What about an earlier war against Hitler, over the Sudetenland issue and in alliance with the robust Czech army and its formidable border fortifications? Germany was weaker in the autumn of 1938 than a year later, so the argument goes. Its under-fortified western flank would have been more vulnerable to a land invasion. Its war machine had not yet fed off the wealth and industry of a captured Czechoslovakia, helping Germany overcome the steel shortages that limited aircraft and munitions production. And the resulting swift military defeat, anti-appeasers argue, would have discredited and destroyed Nazism. If all this is so, Britain and France ought to have capitalised on a more favourable overall military balance while they had it.

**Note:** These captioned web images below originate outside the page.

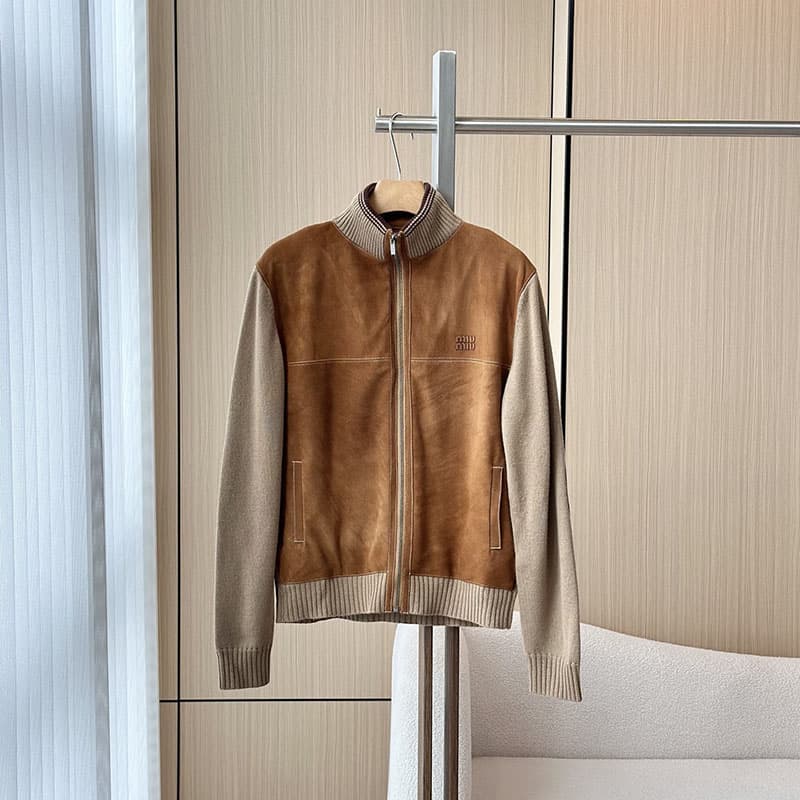 미우미우 미우미우 울 앤 레더 지퍼 가디건 레플리카 - 의류 | 세미샵 레플리카 사이트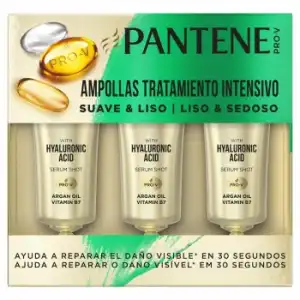 Tratamiento intensivo nutritivo en ampollas Suave & Liso Pantene Pro-V pack de 3 unidades de 15 ml.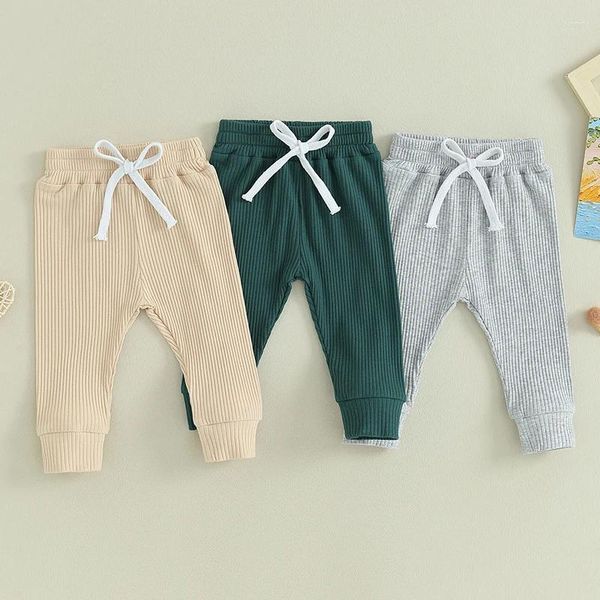 Pantaloni da bambino per ragazzi, 3 pezzi, pantaloni lunghi, tinta unita, fondo invernale a costine, pull-up lavorato a maglia per neonati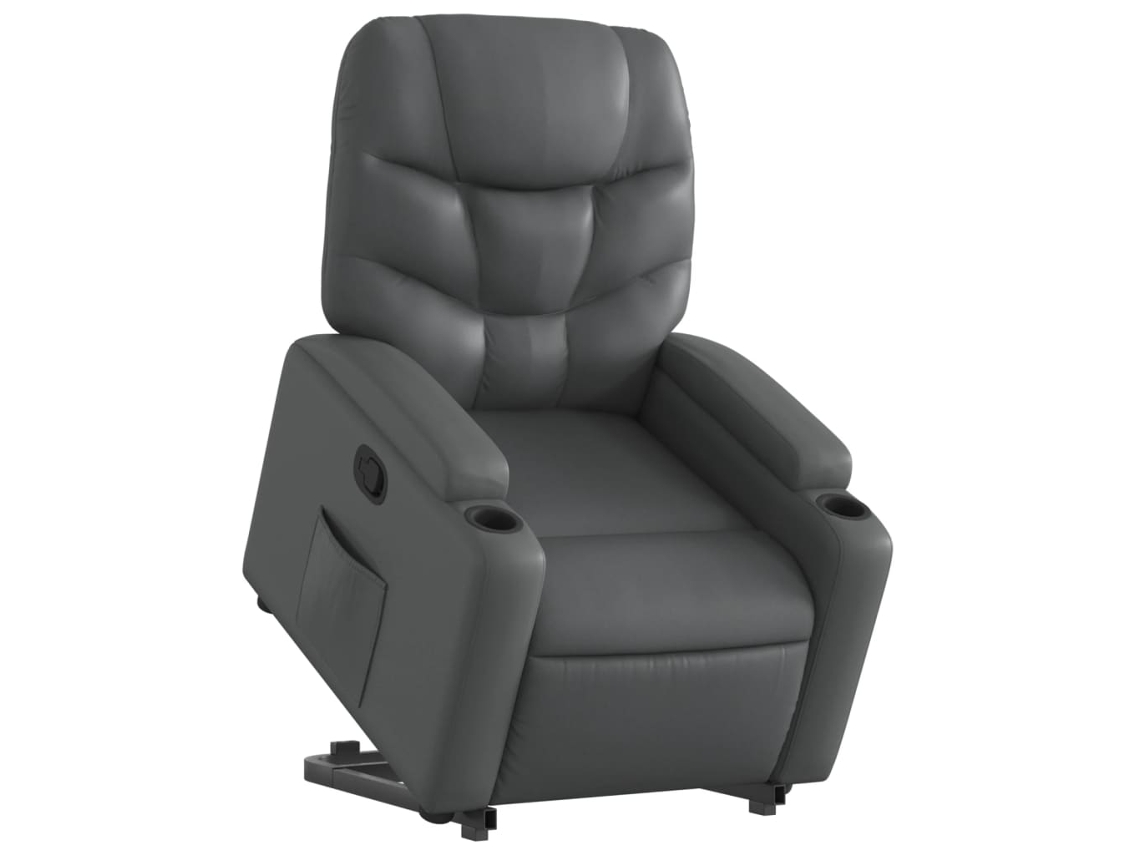 Poltrona reclinável elevatória couro artificial cinzento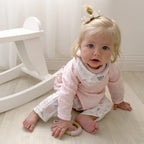 Living Textiles Organic Muslin Kimono Layette Set - Botanical/Blush Living Textiles Organic Muslin Kimono Layette Set - Botanical/Blush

As it happens, the prospect of a victorious preventive war waged a year earlier is not a sure thing. The recent, careful net assessment of George Peden finds that it was a margin call at best, with allied armour advantages and opportunities to advance being countered to some degree by German advantages in tactical air power and uncertain morale and cohesion within Czechoslovakia’s military ranks.
For the sake of argument, let’s take the hawkish argument at its strongest, and assume that an Anglo-French-Czechoslovak campaign would have prevailed in short order. But what then? How do we get from defeating Hitler to solving the problem of hyper-nationalist, revisionist belligerence in Germany? One difficulty rarely entertained in anti-appeaser accounts is international and especially American opinion. As Churchill’s military advisor General Hastings Ismay argued, while it may have been better militarily to fight in 1938, it would have been politically worse.
No matter how unfairly, other powers would likely have viewed a war waged over the integrity of a German-majority territory like the Sudetenland as premature, perhaps a war of aggression, against a state that had confined its expansion to territories of ethno-nationalist reunion. Recall that the Dominions had indicated they would not fight a war over Czechoslovakia. And the United States, alas, sympathised with the cause of ethnic reunion and contained powerful voices hostile to Britain and its position. These are vital points, because the manpower supplied eventually in the actual war by the Dominions and the materiel and finance supplied by the U.S. were the centre of gravity for Britain’s ability to fight and sustain a major war for years.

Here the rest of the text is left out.